YOUR GOAL:
An acceptable answer repeats exactly the line containing "The Role of" and all lines that follow it in the listing below, and it includes no pictures.

SUPPLIED MATERIAL:
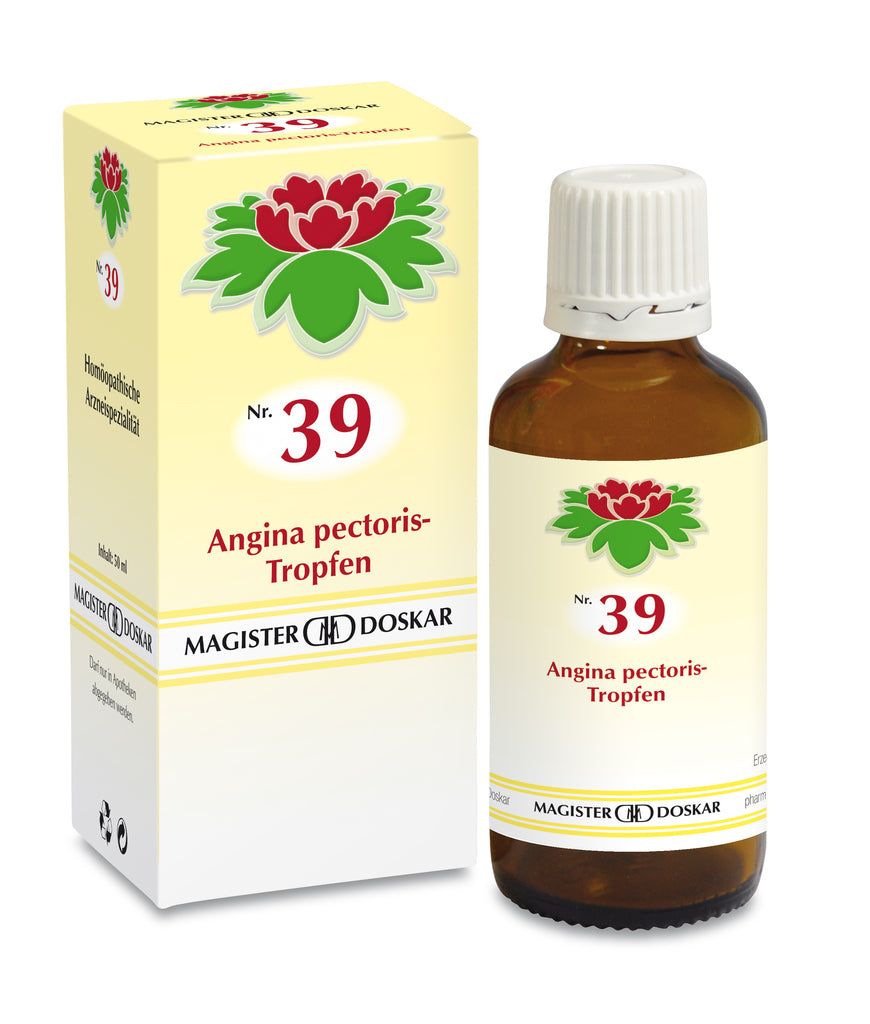 Magister Doskar No. 39 Blood Circulation Drops 50 ml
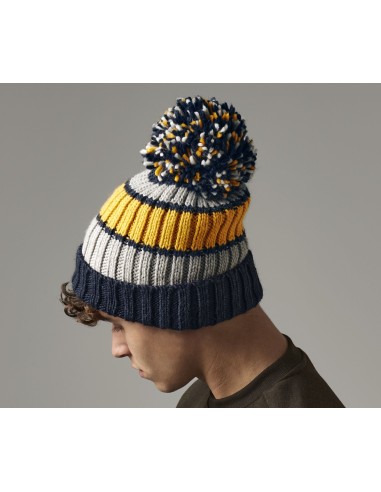 B-B392-Hygge Striped Beanie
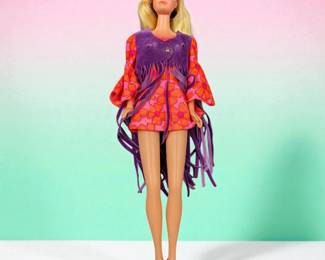 Vintage Mattel PJ Barbie Fashion Doll, DOES NOT INCLUDE BOX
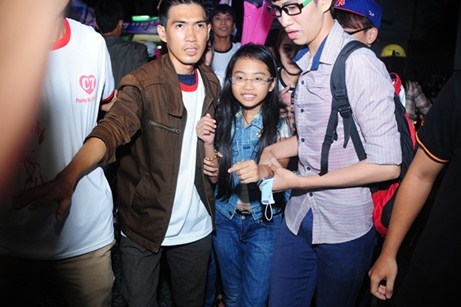 Showbiz Việt,Phương Mỹ Chi,Quang Anh,Angela Phương Trinh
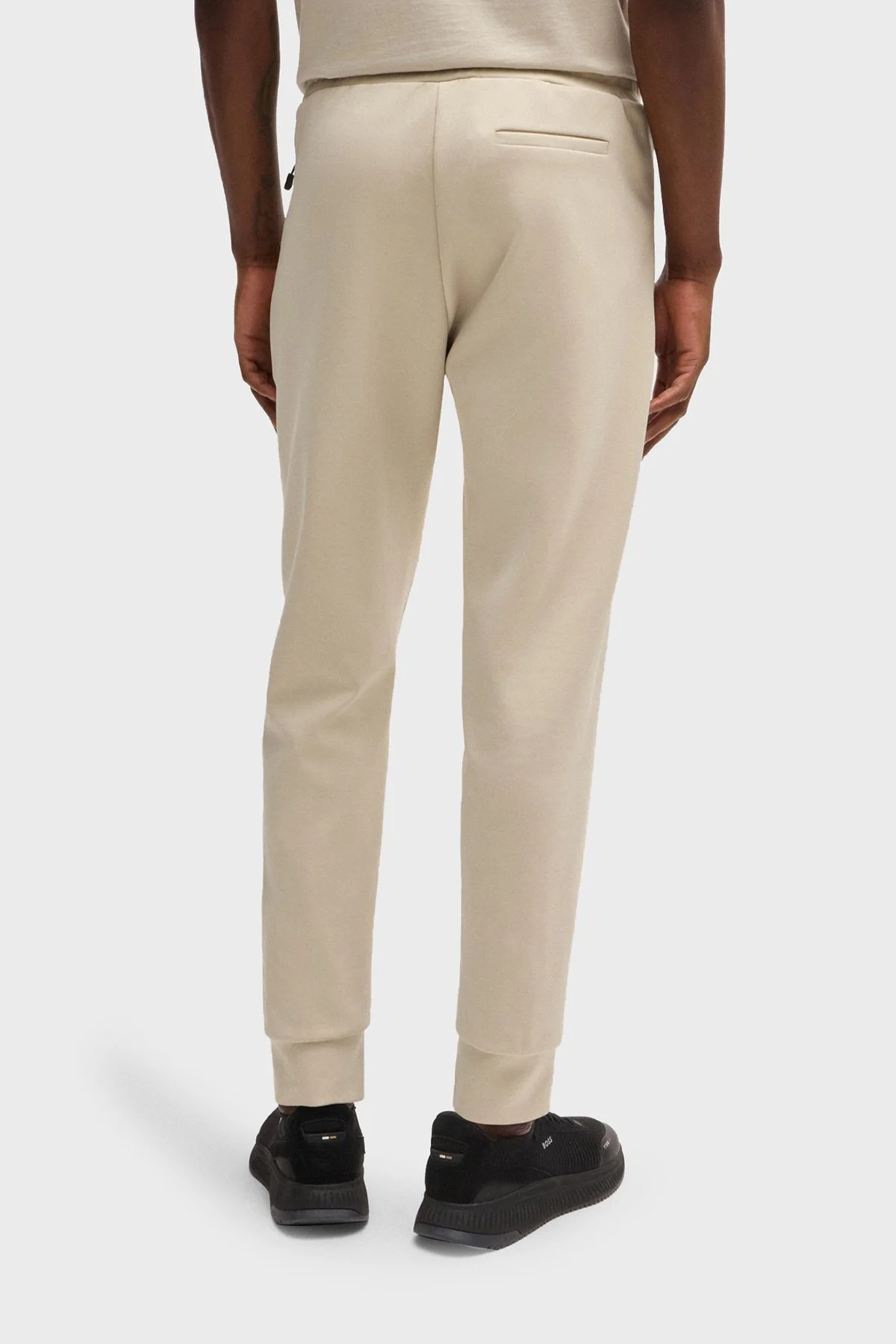 Boss Pamuklu Slim Fit Jogger Erkek Pantolon 50523895 271 BEJ - 5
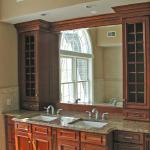 View of master Bathroom vanity.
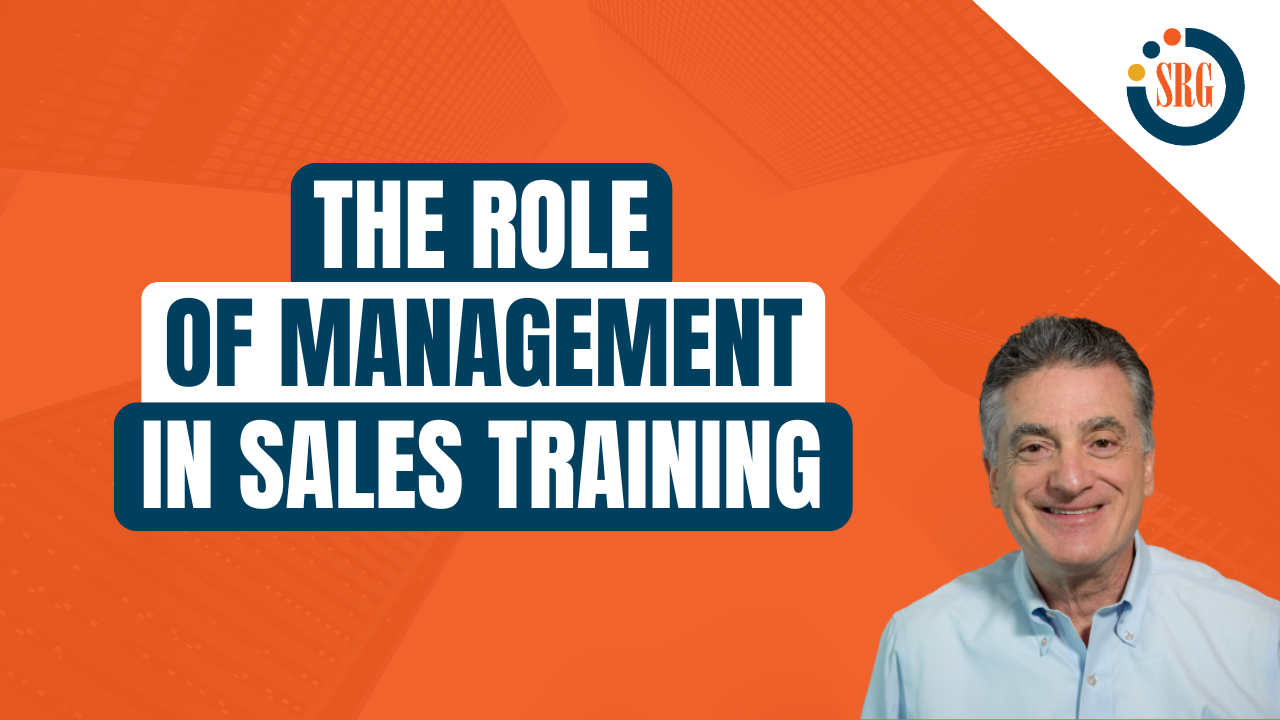 The Role of Sales Management in Sales Training [Video]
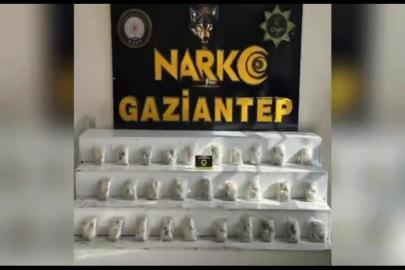 Gaziantep'te uyuşturucu operasyonu: 8 şüpheli yakalandı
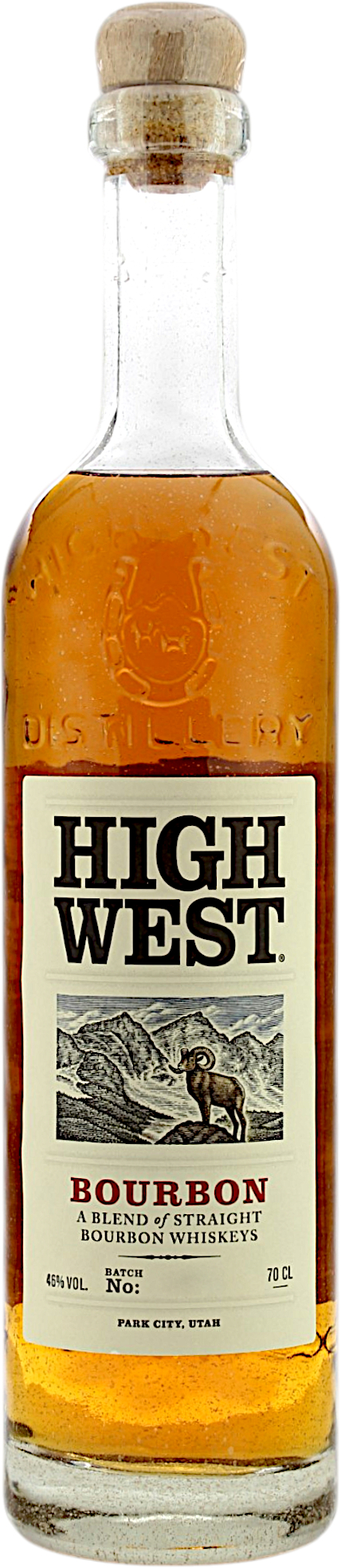 High West Bourbon 46.0% 0,7l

ANSWER FOR THE TASK:
 The Role of Sales Management in Sales Training [Video]
 Gaziantep'te uyuşturucu operasyonu: 8 şüpheli yakalandı
 High West Bourbon 46.0% 0,7l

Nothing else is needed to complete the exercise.